Entitled teens can go on to become what in the adult world we call abusers – men (and sometimes women) who emotionally, sexually, financially or physically abuse their partners.

Some of you might be thinking ‘Steady on, he’s only 9!’ And yes he is, but 9 year olds absorb the messages of the family and culture around them. Most kids are sponges that will soak up whatever they see role modelled.  That is why a child who grows up in an abusive household is statistically far more likely to grow up to be an abuser (and to a lesser degree a victim of abuse).

“The single best predictor of children becoming either perpetrators or victims of domestic violence later in life is whether or not they grow up in a home where there is domestic violence. Studies from various countries support the findings that rates of abuse are higher among women whose husbands were abused as children or who saw their mothers being abused.”

Behind Closed Doors: The Impact of Domestic Violence on Children (UNICEF Report)

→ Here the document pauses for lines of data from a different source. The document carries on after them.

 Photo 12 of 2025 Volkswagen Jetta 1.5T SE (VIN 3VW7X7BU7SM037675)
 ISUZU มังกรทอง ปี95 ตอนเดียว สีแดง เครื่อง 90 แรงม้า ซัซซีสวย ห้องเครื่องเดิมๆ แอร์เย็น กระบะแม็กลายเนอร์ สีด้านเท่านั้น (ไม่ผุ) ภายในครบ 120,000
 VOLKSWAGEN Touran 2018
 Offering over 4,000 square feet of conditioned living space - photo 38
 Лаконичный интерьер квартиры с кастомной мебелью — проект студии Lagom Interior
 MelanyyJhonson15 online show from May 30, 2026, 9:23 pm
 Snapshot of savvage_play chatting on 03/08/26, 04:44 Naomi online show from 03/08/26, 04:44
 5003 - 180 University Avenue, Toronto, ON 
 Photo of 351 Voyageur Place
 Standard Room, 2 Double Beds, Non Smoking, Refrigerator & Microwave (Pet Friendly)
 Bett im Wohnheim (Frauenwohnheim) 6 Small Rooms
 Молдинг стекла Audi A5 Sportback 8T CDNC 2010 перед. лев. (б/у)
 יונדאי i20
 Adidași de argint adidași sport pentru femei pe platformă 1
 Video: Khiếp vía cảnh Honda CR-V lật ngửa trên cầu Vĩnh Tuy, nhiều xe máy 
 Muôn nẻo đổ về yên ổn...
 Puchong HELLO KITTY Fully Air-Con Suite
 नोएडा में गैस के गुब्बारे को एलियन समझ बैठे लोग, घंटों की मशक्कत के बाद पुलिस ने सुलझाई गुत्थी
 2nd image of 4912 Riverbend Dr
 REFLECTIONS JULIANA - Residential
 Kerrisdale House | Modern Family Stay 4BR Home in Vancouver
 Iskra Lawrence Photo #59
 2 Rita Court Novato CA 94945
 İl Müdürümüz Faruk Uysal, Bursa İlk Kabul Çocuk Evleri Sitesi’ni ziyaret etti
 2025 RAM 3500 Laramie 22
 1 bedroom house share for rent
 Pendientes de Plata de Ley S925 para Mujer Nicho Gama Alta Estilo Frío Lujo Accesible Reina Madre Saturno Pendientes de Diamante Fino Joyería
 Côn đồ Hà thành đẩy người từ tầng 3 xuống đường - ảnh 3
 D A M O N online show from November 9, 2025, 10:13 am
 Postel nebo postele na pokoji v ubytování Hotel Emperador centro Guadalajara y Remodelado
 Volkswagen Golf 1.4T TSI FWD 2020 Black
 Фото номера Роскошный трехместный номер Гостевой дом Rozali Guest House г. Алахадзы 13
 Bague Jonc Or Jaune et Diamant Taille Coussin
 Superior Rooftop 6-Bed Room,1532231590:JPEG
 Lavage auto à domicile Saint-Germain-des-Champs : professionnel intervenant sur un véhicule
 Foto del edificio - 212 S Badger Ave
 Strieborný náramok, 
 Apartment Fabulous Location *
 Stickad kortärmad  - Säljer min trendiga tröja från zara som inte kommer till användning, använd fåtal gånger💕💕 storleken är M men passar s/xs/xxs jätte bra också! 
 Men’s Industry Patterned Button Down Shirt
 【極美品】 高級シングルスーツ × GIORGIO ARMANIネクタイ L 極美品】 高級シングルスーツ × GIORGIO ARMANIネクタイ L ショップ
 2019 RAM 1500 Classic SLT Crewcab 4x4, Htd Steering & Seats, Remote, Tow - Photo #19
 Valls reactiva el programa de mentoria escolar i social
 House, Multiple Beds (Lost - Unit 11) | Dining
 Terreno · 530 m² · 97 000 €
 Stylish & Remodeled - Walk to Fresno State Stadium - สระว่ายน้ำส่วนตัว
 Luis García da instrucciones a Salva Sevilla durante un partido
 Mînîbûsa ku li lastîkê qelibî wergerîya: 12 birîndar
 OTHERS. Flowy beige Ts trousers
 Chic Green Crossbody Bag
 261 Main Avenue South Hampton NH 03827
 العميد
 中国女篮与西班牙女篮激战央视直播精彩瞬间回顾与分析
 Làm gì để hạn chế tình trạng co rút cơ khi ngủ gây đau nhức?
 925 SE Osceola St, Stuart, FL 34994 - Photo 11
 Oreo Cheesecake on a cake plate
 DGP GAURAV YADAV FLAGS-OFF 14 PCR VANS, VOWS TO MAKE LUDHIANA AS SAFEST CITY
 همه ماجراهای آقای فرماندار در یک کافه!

But the sad thing is that children can grow up to become abusers or rapists even if they haven’t grown up in an abusive household. All they need is to grow up being fed the perfect recipe of entitlement and inequality and like magic an abuser will (in the majority of cases) emerge.

An abusive mindset is the result of two factors:

  1. A core belief in inequality
  2. A sense of entitlement – in this case we mean entitlement to be “the belief that one is inherently deserving of privileges or special treatment”.

That means that the person with the abusive mindset has to have a belief that they are a better, more worthy person than others. Usually they will believe that men are better than women, with themselves and other men they consider to be high status at the top and everyone else below.

The sense of entitlement can manifest in many ways. My abusive ex kept me (and everyone else in his life) waiting on him all the time. He was not apologetic about his consistent lateness as he felt entitled to arrive whenever it suited him (or sometimes to not arrive at all). The sense of entitlement could manifest as an expectation that things will always be done the way he wants them to be done and that he knows best at all times. There are innumerable ways in which a sense of entitlement can manifest and none of them are pleasant to be on the receiving end of.

The 9 year old I know gets away with being physically rough to his younger siblings. I once saw him hold his 5 year old sister in a painful grip as she cried and yelled at him to stop. He wouldn’t stop, even after I asked him to. I then got his parent and asked them to ask him to stop. He held onto her little body until he was ready to let go. It was a show of power over everyone present. Showing us all who was the boss. I had seen this behaviour before, in my abusive ex. Power and control are the two tools abusers use to control their victims.

The boy’s dad said ‘Don’t do that to your sister’ and that was that. He was not made to apologise, not made to repair the damage he had done, not talked to about respecting other people’s bodily autonomy and not given any consequences for his actions.

The parents of this child are teaching him that other people’s consent does not matter and that what he wants to do to other people is more important than what they want him to do (or not do).

What is that going to look like when he is 16? When he is 30? How do you think that boy is going to treat women when he gets older, bigger and stronger?

The parents of this boy are teaching him that force is acceptable to use on other people.

What will this boy do when he’s angry or annoyed with another student at school? What will he do when he is older and a girl says ‘stop’ or ‘I don’t want to do that’?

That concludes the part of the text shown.